So yesterday seen the first of many melt downs over this move to Amsterdam. Worse of all it was a fulled by Prosecco melt down, I’ve tried to keep together all week, for LPV, EPD and for our house guests the “Wanjigi’s” who are staying with us as they are also leaving too. I’m exhausted, still suffering with lurgy and stressed to high heaven. Considering this moving crap has been going since about September I feel that I have done quite well but it’s all hitting home now. Things are going to change all over again, I have to make new friends, find new play places for LPV, find new everything. Am I strong enough for this??? Not even sure if my Dr thinks so as when I asked him to reduce my crazy dose his reply was “lets leave you as you are to get you through this move” I guess he anticipated a big flip out was on its way!! Clever chap!!

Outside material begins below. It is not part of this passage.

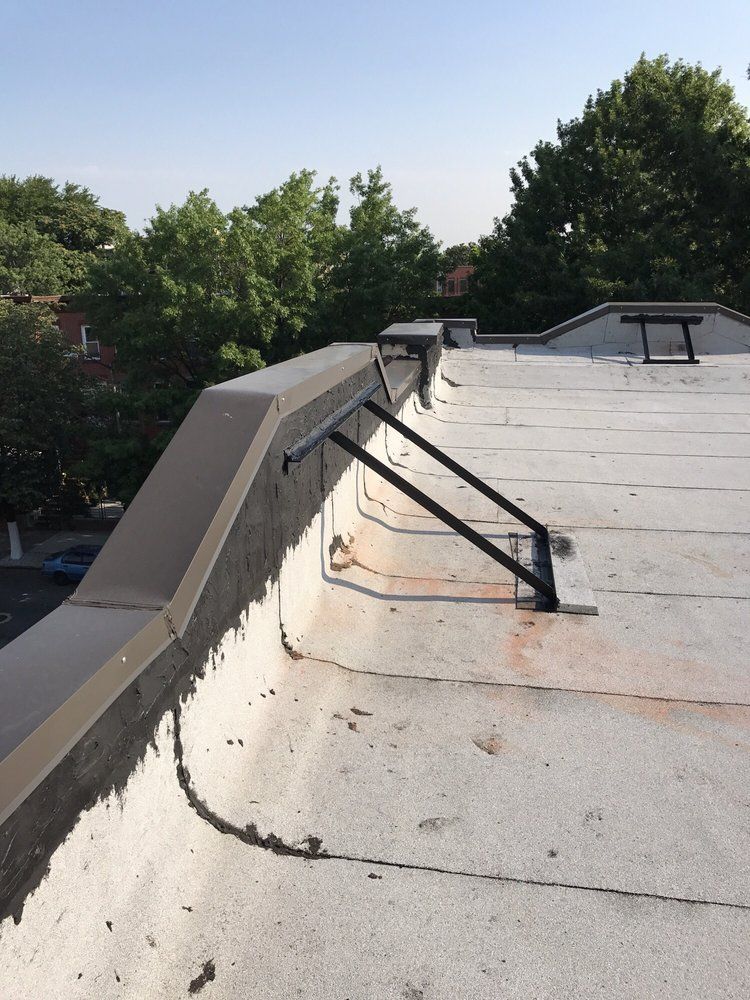 A roof with a railing and trees in the background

I think about this move and I get butterflies, they are of course flutters of excitement about new ventures & going home to see loved ones but they are also nerves about new ventures and going home to see loved ones. So many questions are spinning in my head,
Has Dubai changed me & if so is it for the worse??

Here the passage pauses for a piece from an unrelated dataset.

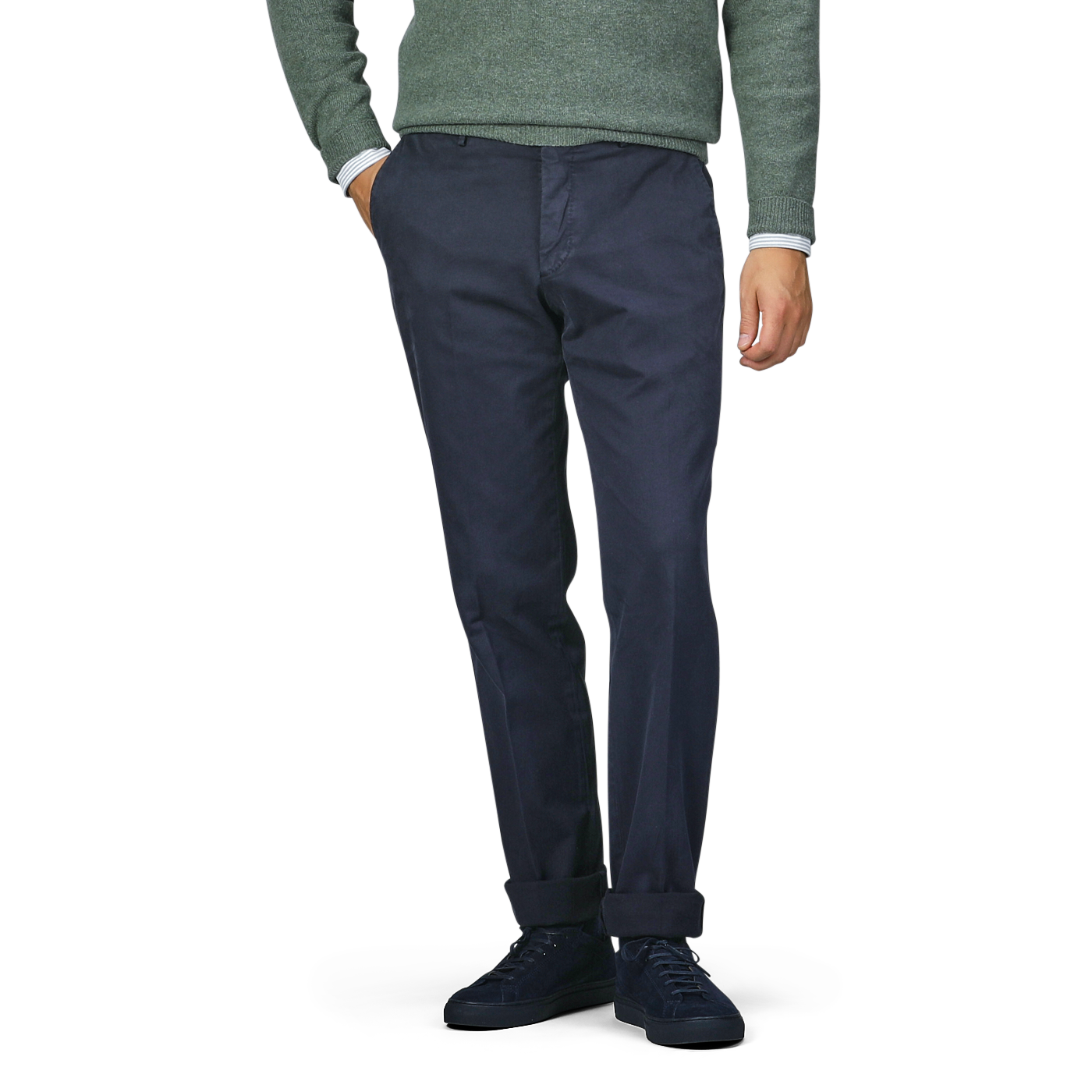 A person wearing Incotex's navy blue cotton twill regular chinos, a green sweater, and black shoes stands with one hand in their pocket.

Do I actually fit in at home anymore??
I have around a month in Bristol when I leave next week, for 3 years now it’s just been me & EPD then, me EPD & LPV, as of next week I won’t see my husband (bestfriend/the logic to my crazy) for at least a month and although most of my melt down was aimed at him last night, I’m lost without him. I love my friends and my family but life moves on without you. This is fine I’m not naive enough to expect it not too but I’m worried about the loneliness, I have amazing friends at home, some of them even have amazing children of their own but they’ve formed their own mammy groups, have their own mammy friends are they going to like me ‘as a mammy” I’m different, sometimes I don’t even know me anymore. Dubai is my protective bubble, I let people see enough to let them know I’m ok but now I’m scared, scared the real me is out there, vulnerable, worried, will people at home think I’m a good Mammy……….
I guess there’s only one way to find out!!